At the center of Iron Blooded Orphans are Mikazuki (called Mika) and Orga, child soldiers who have undergone genetic enhancement to better pilot “mobile workers”, low-level mechs that are used for manual labor and basic defense. They are part of a mercenary group known as “CGS”, where the adults abuse and exploit the children, often using them as human shields while they enjoy the lions share of the money they make from jobs. After accepting an escort job for a young woman named Kudelia Aina Bernstein, an influential figure in the movement for independence on Mars, they are targeted by the powerful peacekeeping organization Gjallarhorn. Seemingly outgunned and outnumbered, CGS unveils its trump card: a 300-year old mobile suit code named “Barbatos”, which can only be piloted by Mika. The series follows Mika and Orga as they lead their mercenary group and protect Kudelia from powers that wish to see her dead.

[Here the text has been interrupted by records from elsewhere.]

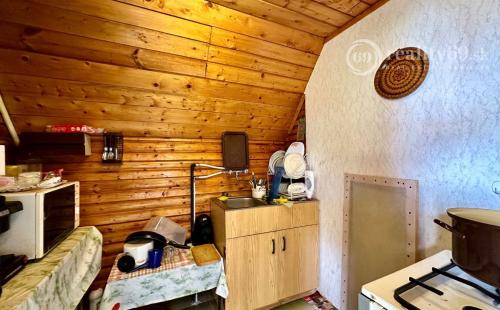 MAĎARSKO - TISZACSEGE - POSCHODOVÁ ZATEPLENÁ 3 IZBOVÁ CHATA, TERASA PRI TERMÁLNOM KÚPALISKU.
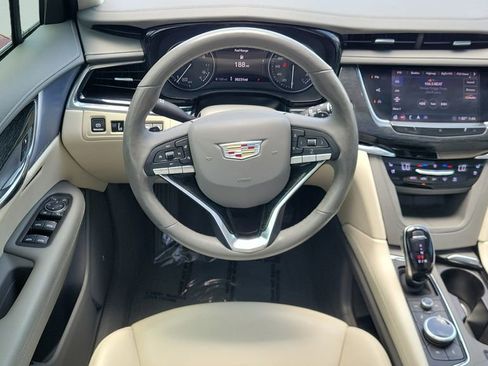 Used 2020 Cadillac XT6 Premium Luxury FWD image 13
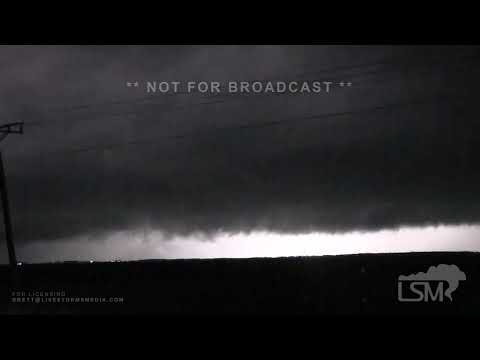 12-14-2022 Tallulah, LA - Tornado Sirens and Possible Cone Funnel with Lightning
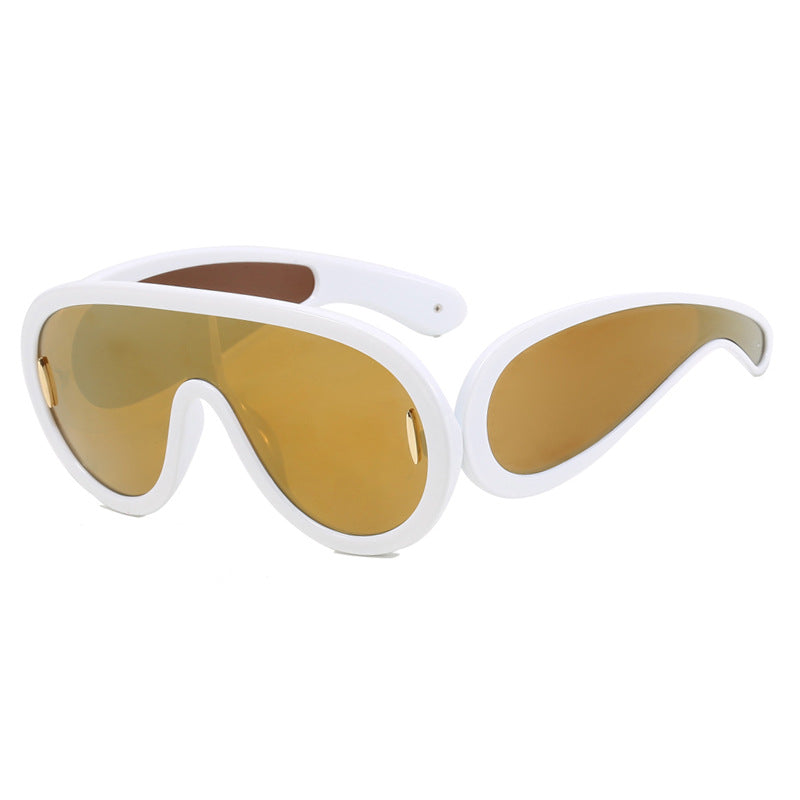 Women's sporty sunglasses in innovative design Skanto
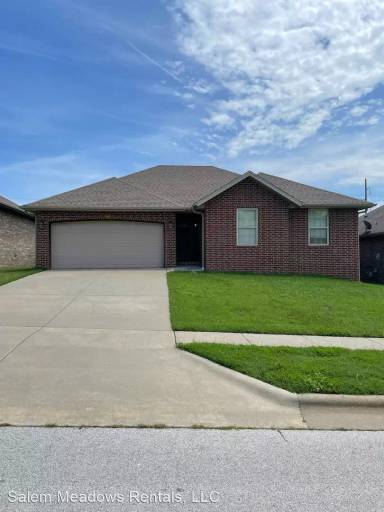 Main picture of 3546 S Juniper Ave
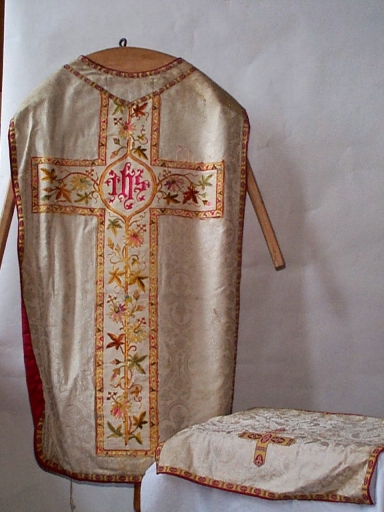 Ornement blanc 3 : chasuble, voile de calice (Campel fusionnée en Val d'Anast en 2017)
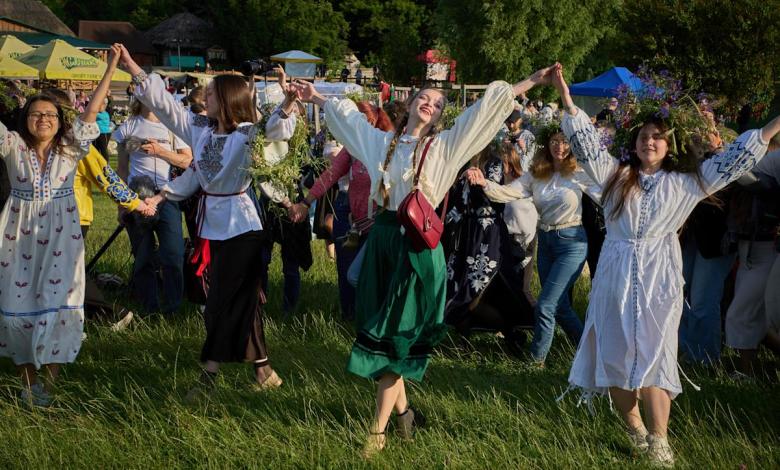 Ukrainians celebrate midsummer tradition with songs, dances and fire Ukrainians celebrate midsummer tradition with songs, dances and fire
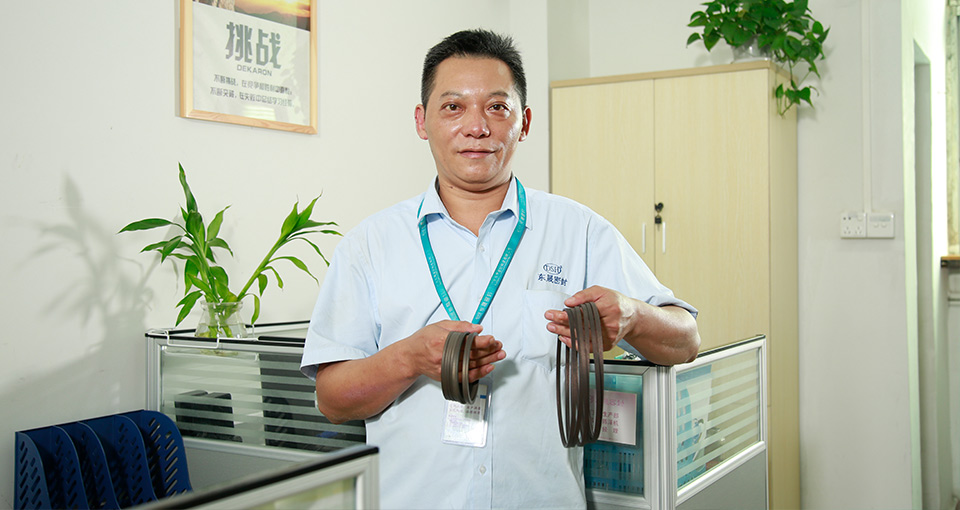 國標(biāo)生產(chǎn)，質(zhì)保兩年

What has really stood out to me in the 3 episodes that have been released so far is the construction of our protagonist, Mika. To be blunt, he’s a stone-cold killer. It’s still too early to tell if Iron Blooded Orphans will visit the classic “his past crimes come back to haunt him/burden him with guilt” trope, but as it stands right now Mika is probably one of the most emotionally distant/”can’t be bothered with the concept of guilt” heroes we’ve seen in a Gundam series. If you have any lingering doubt by episode 3, it will be easily dispelled by the end of it. I’m hoping to see some more development of Mika in the coming episodes, because even though his development thus far is interesting and different, if they can successfully diversify his personality traits he will definitely be one of the stronger heroes we’ve seen in the Gundam universe.

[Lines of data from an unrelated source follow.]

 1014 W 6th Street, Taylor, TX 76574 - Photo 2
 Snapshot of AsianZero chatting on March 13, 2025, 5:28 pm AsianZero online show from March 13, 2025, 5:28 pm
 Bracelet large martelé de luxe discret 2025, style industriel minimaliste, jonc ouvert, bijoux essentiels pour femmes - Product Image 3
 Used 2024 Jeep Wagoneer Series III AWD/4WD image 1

Both the opening and ending theme songs for Iron Blooded Orphans are fantastic. Lauren Orsini at Anime News Network describes the opening song not just as a theme, but a “call to action”, and it’s hard to disagree. It reminds me of Gurren Lagaan’s “Row Row Fight the Powah” in this way.

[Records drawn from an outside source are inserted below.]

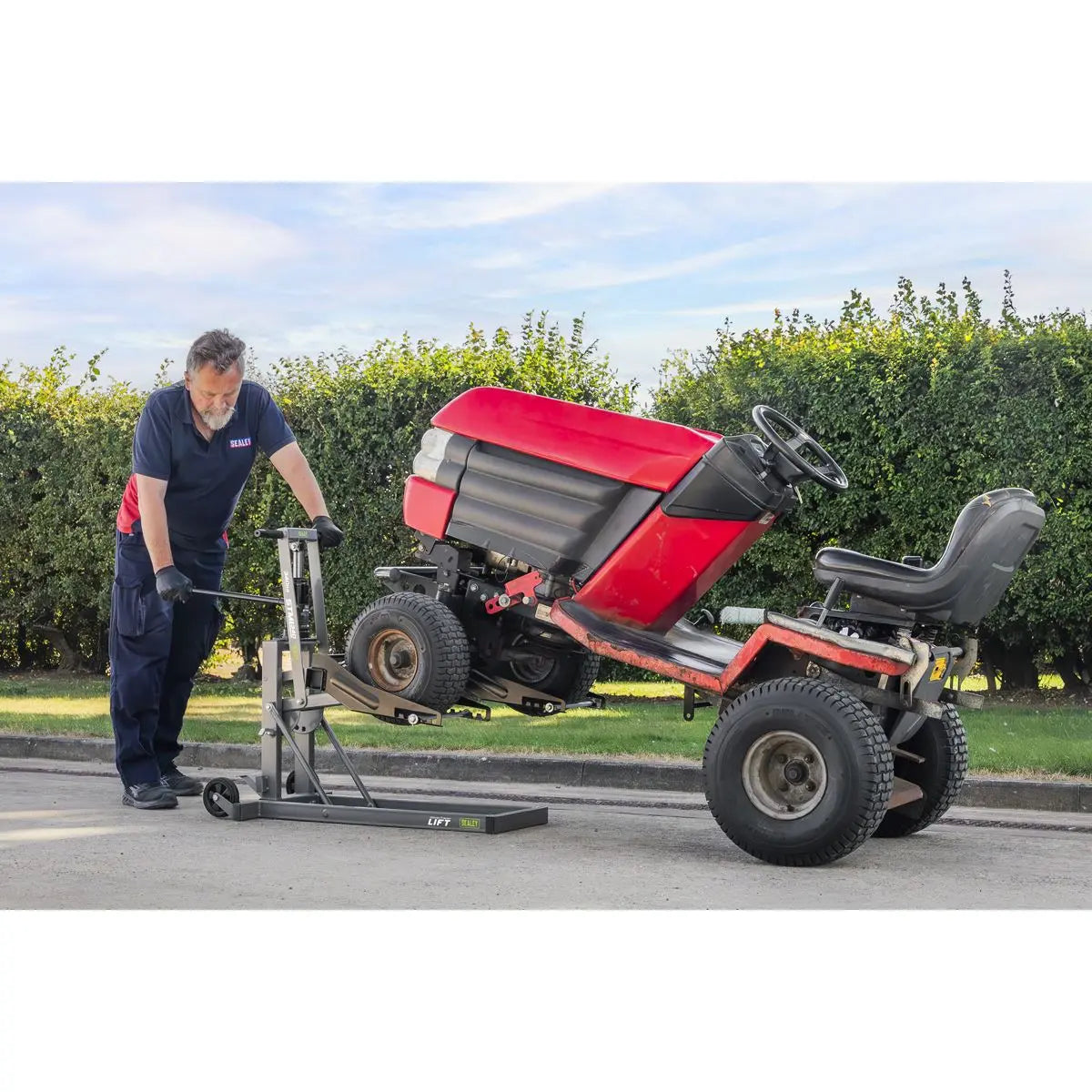 Sealey Premier Hydraulic Mower/Tractor Lift 340kg Capacity  White Rose Tools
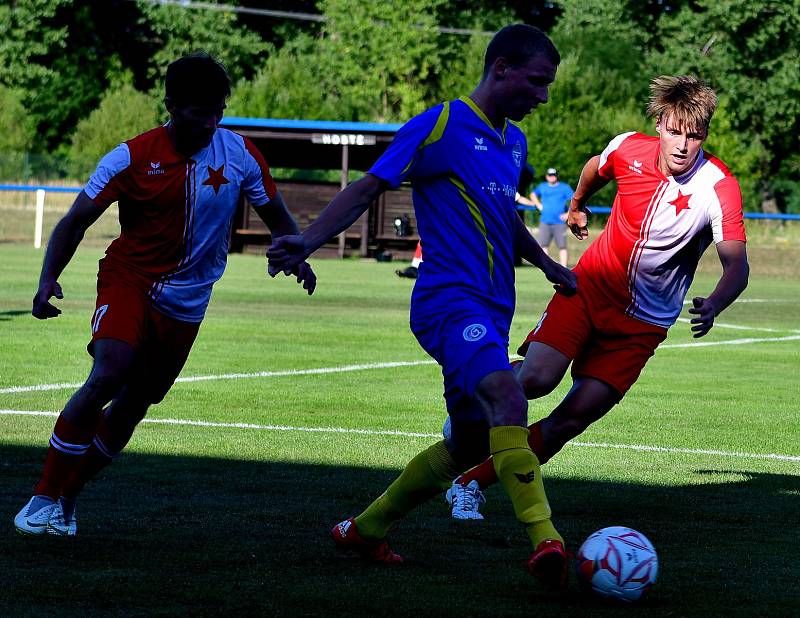 Karlovarská Slavia remizovala 2:2 s mariánskolázeňskou Viktorií.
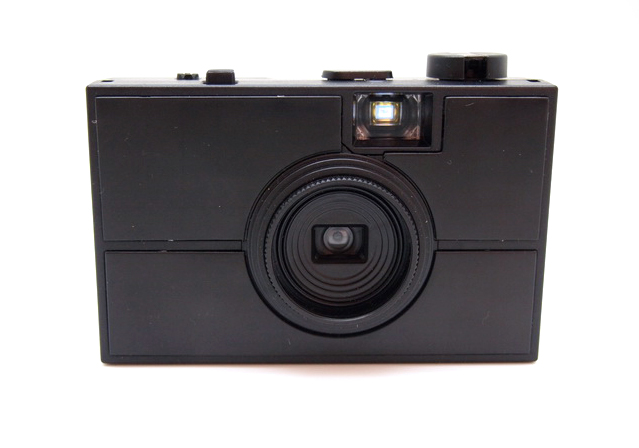 新発売のプラモデル式カメラ「LAST CAMERA」を作って試し撮りしました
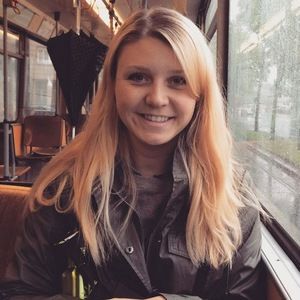 Meet your Posher, Emily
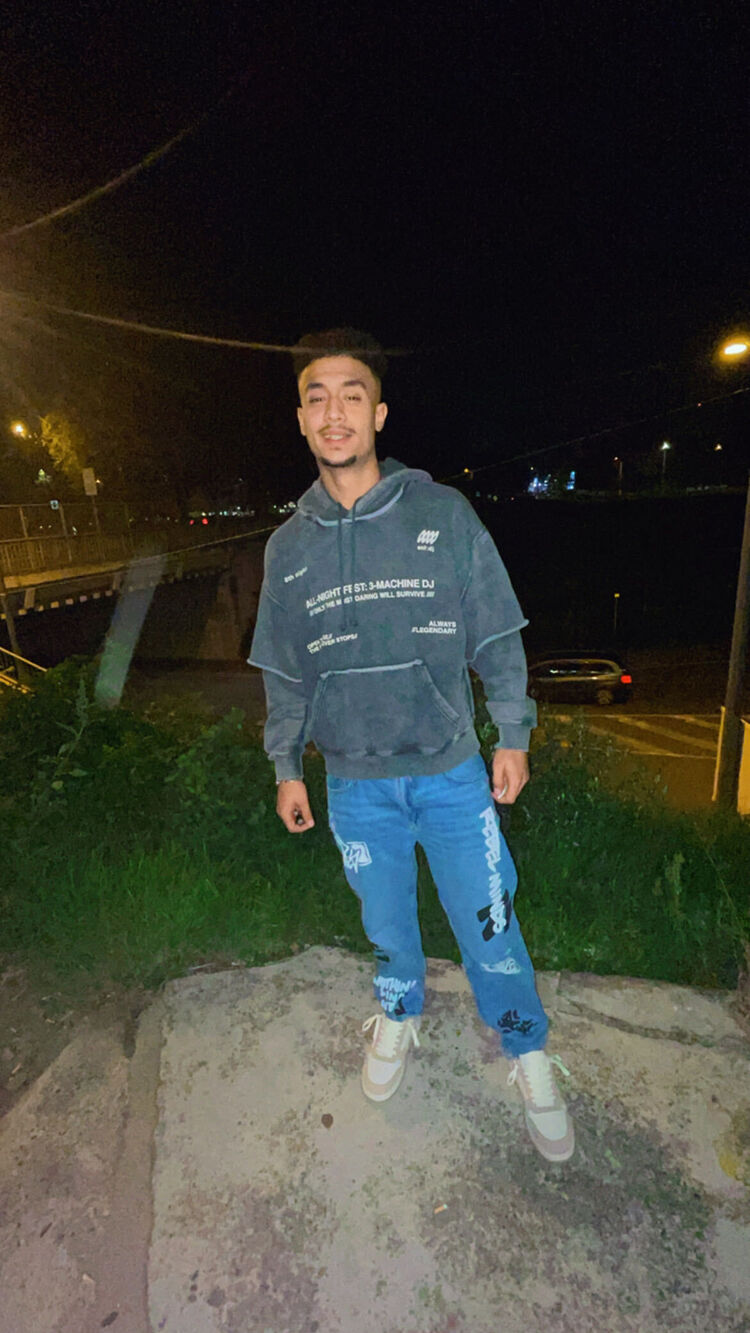  Vaiano,   Hassan, 22 ,   ,   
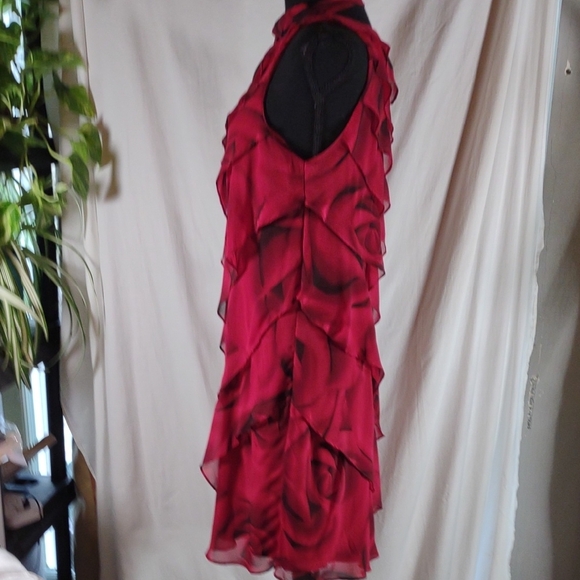 White House | Black Market Red Rose Waterfall Style Sleeveless Dress - Sz. M - Picture 12 of 16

The animation is good, but you can easily see some of the “in-between” frame artists work, which can sometimes be so bad that it distracts you from the proper animation. I know that these are techniques that many series use, but it seems like I haven’t noticed it in other series as easily as I noticed it with Iron Blooded Orphans.
Overall, Iron Blooded Orphans is a gritty addition to the Gundam universe with a solid story, well-developed characters and great music. Definitely keep your eye on this one!